3) A previsão expressa da alimentação no artigo 6º da Constituição Federal reforça a capacidade de exigir esse direito, seja perante a própria administração pública, seja perante o Judiciário ou perante outros órgãos de proteção de Direitos Humanos, como, por exemplo, o Ministério Público. Não só os titulares de direito, como a sociedade civil e movimentos sociais, ganham mais argumentos para exigir esse direito. Os próprios gestores públicos, assim como os parlamentares, terão ainda mais argumentos para exigir medidas, recursos e ações como, por exemplo, ampliação do orçamento, para garantia do direito a alimentação.

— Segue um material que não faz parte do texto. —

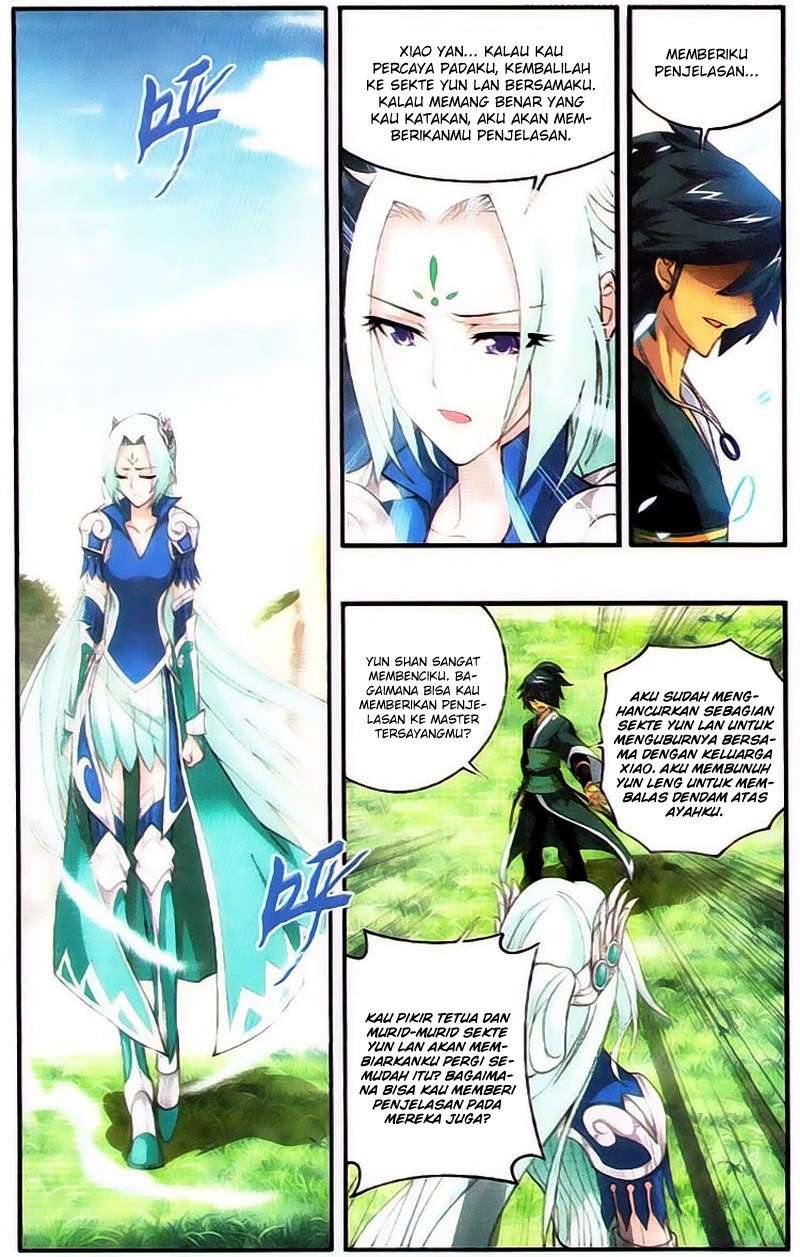 Battle Through the Heavens Chapter 91 Gambar 10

4) Há decisões judiciais que afirmam que as normas constitucionais que traçam programas para o governo - garantia do direito a alimentação, por exemplo – ganham maior força vinculante sobre os órgãos públicos se há uma lei infraconstitucional que dispõe sobre essas metas impostas pela Constituição . O Brasil aprovou a LOSAN - Lei Orgânica de Segurança Alimentar e Nutricional - que já define, de forma ampla e contemplando o princípio da indivisibilidade dos direitos humanos, o Direito Humano à Alimentação Adequada. Além de definir o direito à alimentação, a LOSAN estabelece que o SISAN - Sistema Nacional de Segurança Alimentar e Nutricional - é um instrumento importante para garantir esse direito. Assim, a previsão constitucional da alimentação como direito concede força para a concretude do SISAN, uma vez que reforça a base legal que indica para os órgãos públicos a necessidade da adoção de medidas para o funcionamento do SISAN e que obriga que sejam adotadas estratégias eficazes para garantia de segurança alimentar e nutricional de todos os habitantes do Brasil. Dessa forma, há um processo de reforço legal que é de mão dupla: a LOSAN reforça a o potencial de efetividade da CF e a CF traz uma referência importante para a LOSAN.

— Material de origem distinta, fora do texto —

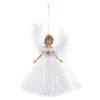 Christmas Angel Tree Hanging Decoration 2025 Christmas Tree Pendant Ornaments Party Supplies Xmas Navidad 2026 New Year
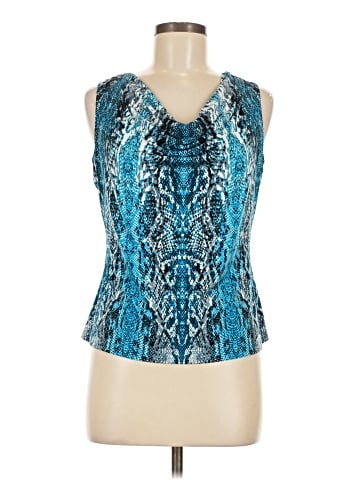 Calvin Klein Sleeveless Blouse (view 1)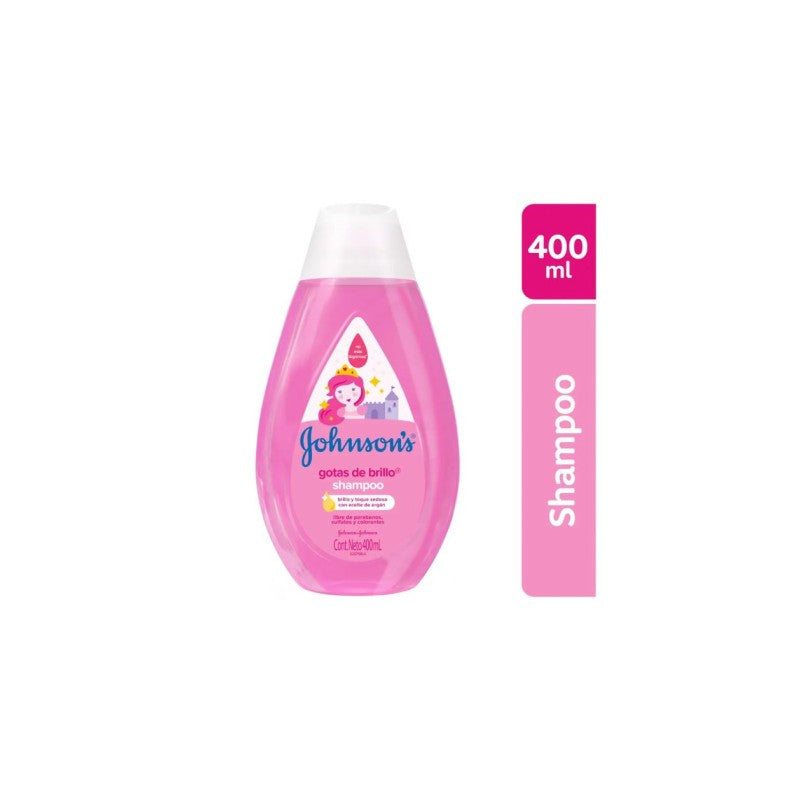 Johnson Baby Manzanilla Sha x 400 ml (Shampoo Y Balsamos)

Importância política da inserção da alimentação como direito social previsto na Constituição Federal e da realização de uma campanha com esse propósito:

1) A crise mundial de alimentos tem como elemento de fundo os valores do capitalismo. Quando os interesses econômicos - e não o acesso ao alimento e a dignidade humana - é o que determina o planejamento da agricultura e as ações do Estado, pessoas são seriamente afetadas. Reconhecer a alimentação como direito é reagir contra os valores que tem gerado uma série de violações de direitos humanos. Esse é um ganho político relevante e que pode reforçar as ações de contestação e resistência ao que tem gerado fome, má nutrição e que tem comprometido a soberania alimentar no Brasil.
2) Quando inserimos alimentação na Constituição usamos a legalidade, um instrumento hegemônico, para apoiar lutas contra-hegemônicas, como, por exemplo, a luta pela terra e por território, a luta pelo direito à cidade, entre outras. Assim, conciliamos a luta através de uso dos instrumentos do Estado com a luta direta do povo brasileiro.

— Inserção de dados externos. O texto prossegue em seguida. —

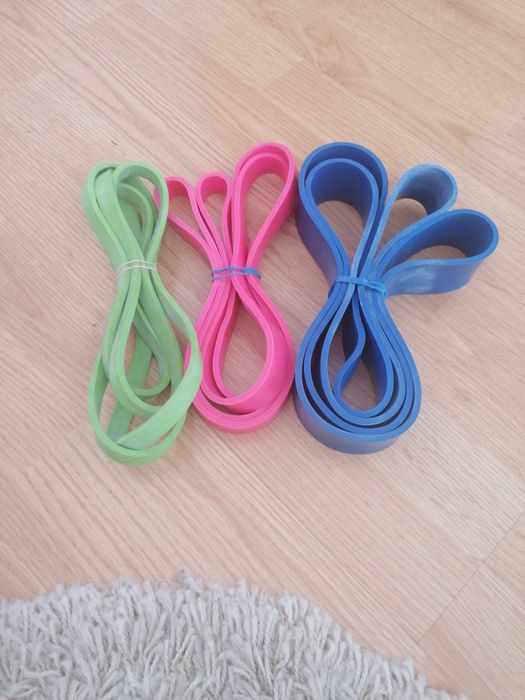 Gumy do ćwiczeń gumy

3) A campanha em si, tem uma dimensão política importantíssima. A lei, a Constituição, nada mais é que um argumento. Sem sujeitos que usem esse argumento não se pode ir longe. Assim, é muito importante que haja uma mobilização para a inclusão da alimentação no artigo 6º da Constituição Federal, porque essa mobilização vai garantir que muitas pessoas possam se apropriar desse direito e essa apropriação é a principal garantia que temos para a efetividade dessa norma, quando ela for inserida na CF. É essa apropriação o principal instrumento para garantir uma proximidade entre o que está na norma e o que está em nosso mundo real e, assim, garantir a efetividade do Direito Humano à Alimentação Adequada a todos os povos do nosso país.

Valéria Torres Amaral Burity – Advogada e consultora em Direitos Humanos. Atualmente é Vice-presidente da Ação Brasileira pela Nutrição e Direitos Humanos (ABRANDH).